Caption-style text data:
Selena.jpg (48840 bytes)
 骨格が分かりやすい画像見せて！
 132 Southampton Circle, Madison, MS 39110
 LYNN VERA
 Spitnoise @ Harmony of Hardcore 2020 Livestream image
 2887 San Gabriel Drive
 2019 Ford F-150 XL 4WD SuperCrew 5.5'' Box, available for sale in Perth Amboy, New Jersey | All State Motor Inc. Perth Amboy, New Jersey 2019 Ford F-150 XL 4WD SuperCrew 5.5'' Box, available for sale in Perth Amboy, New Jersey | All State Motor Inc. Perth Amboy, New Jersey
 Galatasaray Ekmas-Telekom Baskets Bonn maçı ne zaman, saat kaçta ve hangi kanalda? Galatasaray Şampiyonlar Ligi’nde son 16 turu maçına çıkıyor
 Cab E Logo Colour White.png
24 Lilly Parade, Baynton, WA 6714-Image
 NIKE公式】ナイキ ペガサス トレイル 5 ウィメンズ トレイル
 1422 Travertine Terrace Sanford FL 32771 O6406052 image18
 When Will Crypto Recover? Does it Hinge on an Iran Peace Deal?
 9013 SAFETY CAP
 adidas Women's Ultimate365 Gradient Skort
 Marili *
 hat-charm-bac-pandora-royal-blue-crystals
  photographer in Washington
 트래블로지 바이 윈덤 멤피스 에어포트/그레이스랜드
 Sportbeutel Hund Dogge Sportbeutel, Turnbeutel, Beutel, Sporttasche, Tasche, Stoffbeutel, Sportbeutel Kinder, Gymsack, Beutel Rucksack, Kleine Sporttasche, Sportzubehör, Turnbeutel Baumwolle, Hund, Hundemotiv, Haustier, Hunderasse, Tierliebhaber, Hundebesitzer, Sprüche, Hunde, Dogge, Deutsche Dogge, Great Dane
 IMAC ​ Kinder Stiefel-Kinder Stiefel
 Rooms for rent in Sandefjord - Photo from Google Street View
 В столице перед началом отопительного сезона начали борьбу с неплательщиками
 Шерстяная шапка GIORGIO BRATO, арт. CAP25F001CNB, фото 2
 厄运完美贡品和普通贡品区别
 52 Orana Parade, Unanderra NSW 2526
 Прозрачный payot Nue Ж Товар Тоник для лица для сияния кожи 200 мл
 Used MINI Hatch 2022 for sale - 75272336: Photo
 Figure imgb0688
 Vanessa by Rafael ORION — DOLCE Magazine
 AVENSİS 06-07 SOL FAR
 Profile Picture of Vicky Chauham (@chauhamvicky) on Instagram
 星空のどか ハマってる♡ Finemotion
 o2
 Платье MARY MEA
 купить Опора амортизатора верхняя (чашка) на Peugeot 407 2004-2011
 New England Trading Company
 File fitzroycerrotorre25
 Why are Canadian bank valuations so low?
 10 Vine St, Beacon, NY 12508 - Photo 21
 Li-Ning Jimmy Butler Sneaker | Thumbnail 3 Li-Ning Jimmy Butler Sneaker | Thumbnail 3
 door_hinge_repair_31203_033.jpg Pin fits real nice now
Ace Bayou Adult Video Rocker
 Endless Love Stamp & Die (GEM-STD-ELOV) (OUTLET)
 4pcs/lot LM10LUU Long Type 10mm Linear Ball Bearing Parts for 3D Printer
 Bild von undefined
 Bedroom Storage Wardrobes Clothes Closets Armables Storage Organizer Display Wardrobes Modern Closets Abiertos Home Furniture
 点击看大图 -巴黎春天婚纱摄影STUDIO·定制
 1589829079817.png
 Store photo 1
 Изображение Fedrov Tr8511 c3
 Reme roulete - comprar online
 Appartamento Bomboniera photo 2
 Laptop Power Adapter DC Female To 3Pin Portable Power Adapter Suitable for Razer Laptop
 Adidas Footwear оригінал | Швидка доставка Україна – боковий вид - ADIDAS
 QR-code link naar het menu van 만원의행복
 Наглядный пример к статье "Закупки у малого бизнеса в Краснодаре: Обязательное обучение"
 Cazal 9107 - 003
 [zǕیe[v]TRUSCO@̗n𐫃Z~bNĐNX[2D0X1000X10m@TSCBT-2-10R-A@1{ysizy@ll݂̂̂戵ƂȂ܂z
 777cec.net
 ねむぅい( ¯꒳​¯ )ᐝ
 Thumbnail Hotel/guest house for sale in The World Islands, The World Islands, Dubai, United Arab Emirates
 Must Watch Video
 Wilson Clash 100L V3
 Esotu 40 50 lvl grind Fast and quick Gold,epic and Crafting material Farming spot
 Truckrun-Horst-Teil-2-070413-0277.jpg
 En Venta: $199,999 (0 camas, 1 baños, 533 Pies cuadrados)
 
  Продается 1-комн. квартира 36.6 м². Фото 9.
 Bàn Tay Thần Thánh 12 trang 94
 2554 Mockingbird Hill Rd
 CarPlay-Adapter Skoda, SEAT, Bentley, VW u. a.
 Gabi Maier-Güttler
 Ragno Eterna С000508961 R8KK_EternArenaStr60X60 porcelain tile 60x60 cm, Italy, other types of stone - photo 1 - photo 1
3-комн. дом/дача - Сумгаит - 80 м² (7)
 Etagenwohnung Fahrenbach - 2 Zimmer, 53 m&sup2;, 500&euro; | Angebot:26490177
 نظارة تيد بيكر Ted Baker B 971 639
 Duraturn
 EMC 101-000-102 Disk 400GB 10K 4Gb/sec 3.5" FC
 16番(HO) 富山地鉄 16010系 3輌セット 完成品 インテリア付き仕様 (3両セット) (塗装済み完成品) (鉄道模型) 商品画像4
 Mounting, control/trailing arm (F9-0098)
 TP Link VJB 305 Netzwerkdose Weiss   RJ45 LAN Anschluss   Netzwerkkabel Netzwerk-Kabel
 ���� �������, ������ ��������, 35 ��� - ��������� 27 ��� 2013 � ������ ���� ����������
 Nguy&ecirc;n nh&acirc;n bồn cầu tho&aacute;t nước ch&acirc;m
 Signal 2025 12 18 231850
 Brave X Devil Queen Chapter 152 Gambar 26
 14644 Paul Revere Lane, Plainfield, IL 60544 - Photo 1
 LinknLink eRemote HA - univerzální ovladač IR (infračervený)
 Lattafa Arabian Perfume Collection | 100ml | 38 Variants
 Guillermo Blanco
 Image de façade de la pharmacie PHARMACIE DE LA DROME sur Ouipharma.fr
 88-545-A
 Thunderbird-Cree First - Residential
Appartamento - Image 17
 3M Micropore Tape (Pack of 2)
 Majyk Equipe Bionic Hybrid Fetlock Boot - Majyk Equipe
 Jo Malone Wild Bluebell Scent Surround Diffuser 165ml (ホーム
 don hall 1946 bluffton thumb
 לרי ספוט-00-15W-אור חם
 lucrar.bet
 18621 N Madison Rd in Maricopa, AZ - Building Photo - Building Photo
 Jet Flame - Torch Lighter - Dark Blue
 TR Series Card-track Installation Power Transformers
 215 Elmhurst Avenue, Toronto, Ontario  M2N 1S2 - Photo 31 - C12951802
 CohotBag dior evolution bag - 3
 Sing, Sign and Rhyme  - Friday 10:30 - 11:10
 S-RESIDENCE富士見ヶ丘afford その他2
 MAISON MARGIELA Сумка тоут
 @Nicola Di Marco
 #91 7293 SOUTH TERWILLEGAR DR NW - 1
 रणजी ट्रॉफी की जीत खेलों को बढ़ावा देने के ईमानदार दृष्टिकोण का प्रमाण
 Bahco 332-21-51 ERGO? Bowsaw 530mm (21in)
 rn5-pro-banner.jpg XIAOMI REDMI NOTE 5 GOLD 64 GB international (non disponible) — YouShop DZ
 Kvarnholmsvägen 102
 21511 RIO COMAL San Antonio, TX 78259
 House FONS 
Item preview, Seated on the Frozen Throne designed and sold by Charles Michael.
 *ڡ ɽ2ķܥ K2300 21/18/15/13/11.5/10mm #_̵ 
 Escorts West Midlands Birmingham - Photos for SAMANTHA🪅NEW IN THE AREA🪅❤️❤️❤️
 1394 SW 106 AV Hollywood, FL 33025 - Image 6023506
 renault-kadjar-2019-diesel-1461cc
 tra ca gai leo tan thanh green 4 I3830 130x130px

● What you have to do
For each line in the records that holds "Kinder", show that line as it stands.

● Result
 Sportbeutel Hund Dogge Sportbeutel, Turnbeutel, Beutel, Sporttasche, Tasche, Stoffbeutel, Sportbeutel Kinder, Gymsack, Beutel Rucksack, Kleine Sporttasche, Sportzubehör, Turnbeutel Baumwolle, Hund, Hundemotiv, Haustier, Hunderasse, Tierliebhaber, Hundebesitzer, Sprüche, Hunde, Dogge, Deutsche Dogge, Great Dane
 IMAC ​ Kinder Stiefel-Kinder Stiefel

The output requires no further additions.